This year marks the 150th anniversary of the telephone. Alexander Graham Bell patented it in 1876, and it was, as far as I’m concerned, the first true man-machine interface — the first time a human being could speak, in real time, through a machine, to another human being who wasn’t standing in front of them.
I’ve spent 48 years in this industry, dating back to working a service desk as a young airman at Elmendorf Air Force Base. I’ve watched voice technology go from electromechanical switching to microsecond digital switching, and soon enough, to whatever comes after that. Through every one of those transitions, one thing stayed constant: the machine’s job was to carry a human conversation.
The detour
Then, sometime in the late 1980s and into the ’90s, we took a detour.

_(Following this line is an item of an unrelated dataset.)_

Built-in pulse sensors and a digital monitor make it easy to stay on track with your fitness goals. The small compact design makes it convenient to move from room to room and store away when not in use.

A generation of IT engineers — many of them brilliant, and I count myself among people who understand exactly why this happened — didn’t love talking on the phone. Text felt more comfortable. More controllable. So the industry drifted toward typing as the default way humans and machines, and eventually humans and humans, communicated. The problem is that written language was never built for that. Writing was invented for documentation — record-keeping, history, contracts. It was never designed to carry a live, two-way conversation the way voice does. We took a tool built for one job and asked it to do another, and we’ve been quietly paying for that mismatch for thirty years.
Voice comes back
Now, 150 years after Bell’s patent, AI’s natural language models are bringing voice back around. You can talk to a machine again — not type at it, talk to it — and have it understand you, respond, and help you get something done. We’ve circled back to where this whole industry started, just with a lot more horsepower under the hood.

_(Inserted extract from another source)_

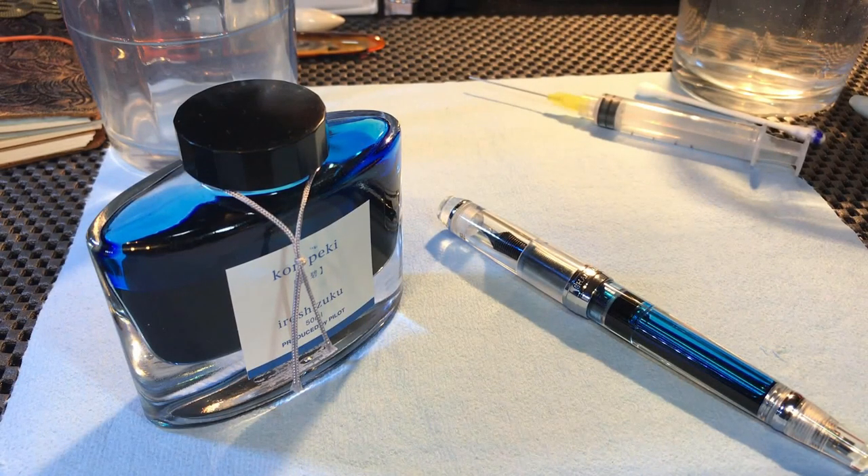Hello again, Doug here, and yet another fountain pen video. This time I'm brave enough to try to disassemble my PenBBS 456 vacuum filler and clean it out and get it ready for a different color of ink. Let's see whether I can handle this chore or not.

I didn’t figure this out in a lab. About a year ago, Luiz Domingos, CTO and Group VP Large Enterprise and Vertical Solutions R&D at Mitel, gave me one piece of advice that changed how I work:
Just learn how to talk to it.
Not study it. Not fear it. Talk to it, the way you’d talk to a new technician on your team. I’ve applied that advice every day since — in live service delivery, onboarding, migrations, upgrades, and troubleshooting, with real customers, not in a sandbox. That’s the piece I keep coming back to when people ask me whether AI is actually ready for this industry: it depends entirely on how you’re using it.
Why it isn’t ready to replace support
Here’s the part nobody wants to say out loud: agentic AI is not ready to replace tier-one and tier-two support. Not yet. And it’s not because the models aren’t smart. It’s two specific, fixable problems.
First, hallucinations. Ask the same question to three different AI models and you’ll sometimes get three different answers, because each one is drawing from a different repository of information and weighting it differently.
Second — and this is the one that worries me more — AI is very good at sounding confident even when it’s wrong. If the person asking the question doesn’t know enough to catch a bad answer, they’ll walk away treating a hallucination as gospel truth simply because “the AI said so.” Garbage in, garbage out has never gone away. AI just made it faster and more convincing.
Verify everything
That’s why I don’t think the fix is more automation. I think the fix is alignment — and fundamentals. You still need people who understand what right looks like, who can verify an answer instead of blindly trusting it. I extend the oldest rule I know — zero trust, zero assumptions, verify everything — to AI-generated answers now, the same as I’ve always applied it to people and systems.
That discipline matters more, not less, in an industry that still worships the firefighter. I watched this play out again recently: a technician made a change overnight with no real plan and no rollback strategy, chasing the hero moment, and ended up locking an entire office out of their own systems. That’s not heroism. That’s the absence of the boring, invisible planning that prevents the fire from starting in the first place — the same principle whether the tool in your hand is a punch-down tool or a large language model.
150 years ago, the telephone taught us that the most powerful interface between a human and a machine is the human voice. We forgot that for a while. AI is reminding us. The technology has changed almost beyond recognition since 1876 — but the job hasn’t. It was never really about the wire, or the switch, or the model. It was always about the conversation.